What you are asked to do →
Beginning with the line containing "42 Lauderdale Road Brampton ON L6V 2B7", write out each line exactly through the end of the listing, and skip all pictures.

>>>

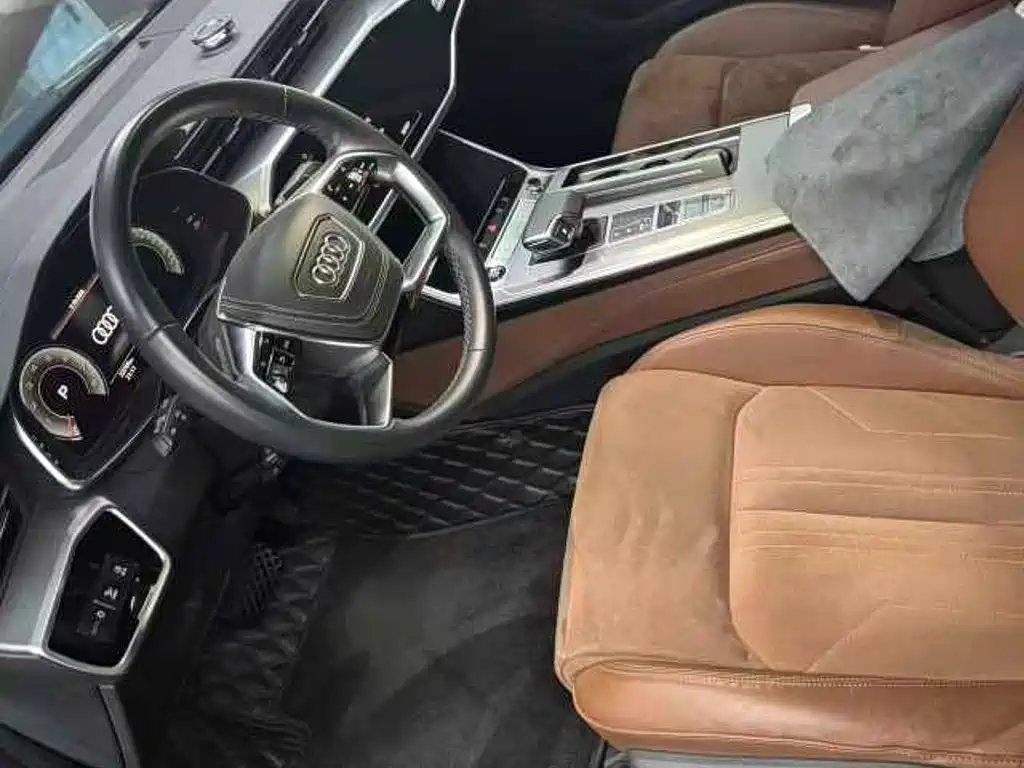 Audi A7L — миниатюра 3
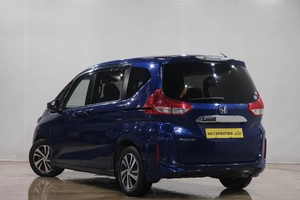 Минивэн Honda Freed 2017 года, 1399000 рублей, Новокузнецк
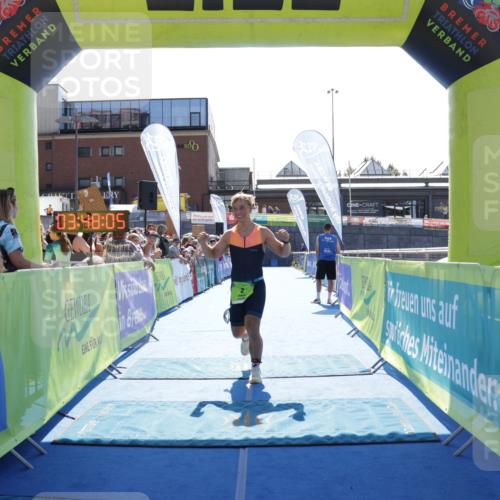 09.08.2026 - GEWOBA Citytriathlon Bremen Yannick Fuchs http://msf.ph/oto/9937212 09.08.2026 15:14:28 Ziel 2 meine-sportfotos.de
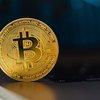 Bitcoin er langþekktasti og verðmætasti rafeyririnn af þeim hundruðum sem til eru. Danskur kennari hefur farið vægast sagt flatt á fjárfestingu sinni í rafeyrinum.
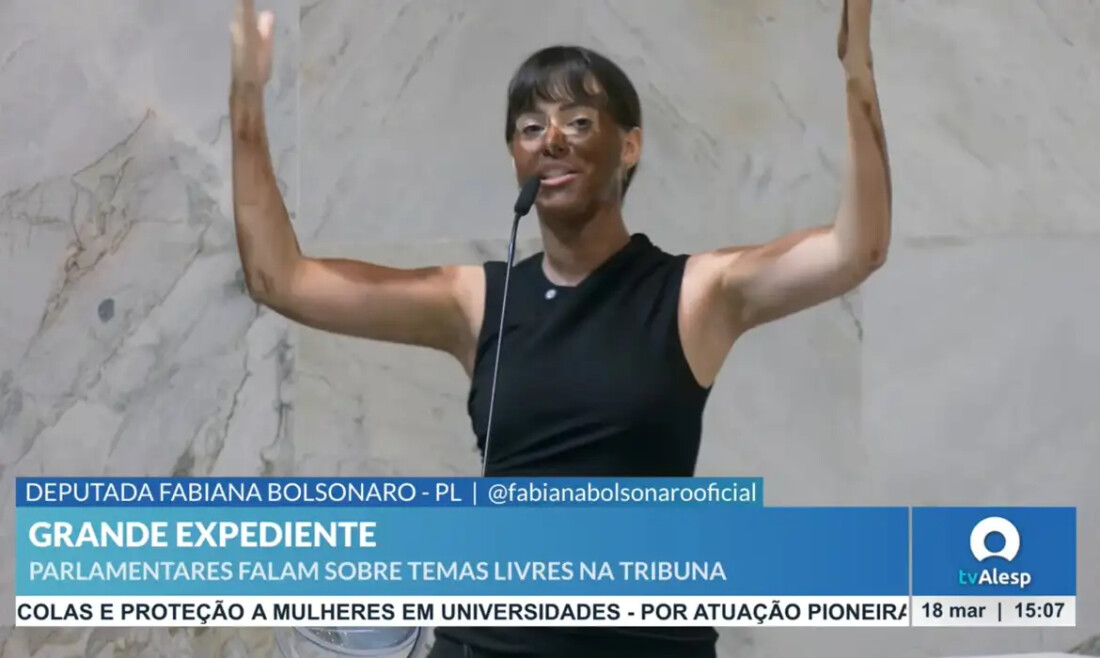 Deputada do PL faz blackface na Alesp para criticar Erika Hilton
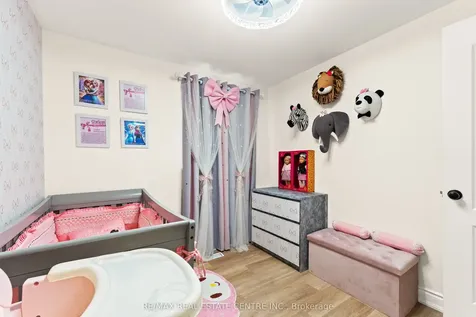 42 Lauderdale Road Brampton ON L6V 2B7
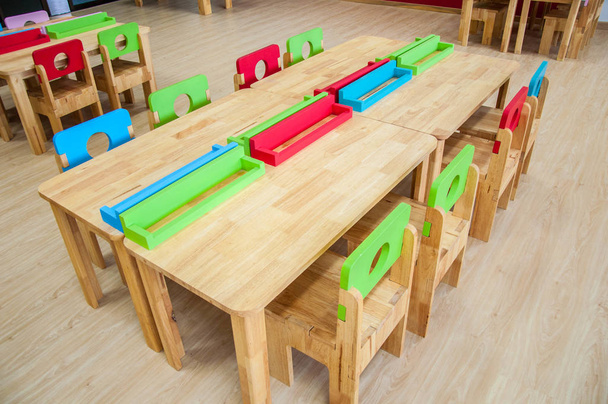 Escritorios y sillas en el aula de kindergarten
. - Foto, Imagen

<<<

Response for this exercise →
 42 Lauderdale Road Brampton ON L6V 2B7
 Escritorios y sillas en el aula de kindergarten
. - Foto, Imagen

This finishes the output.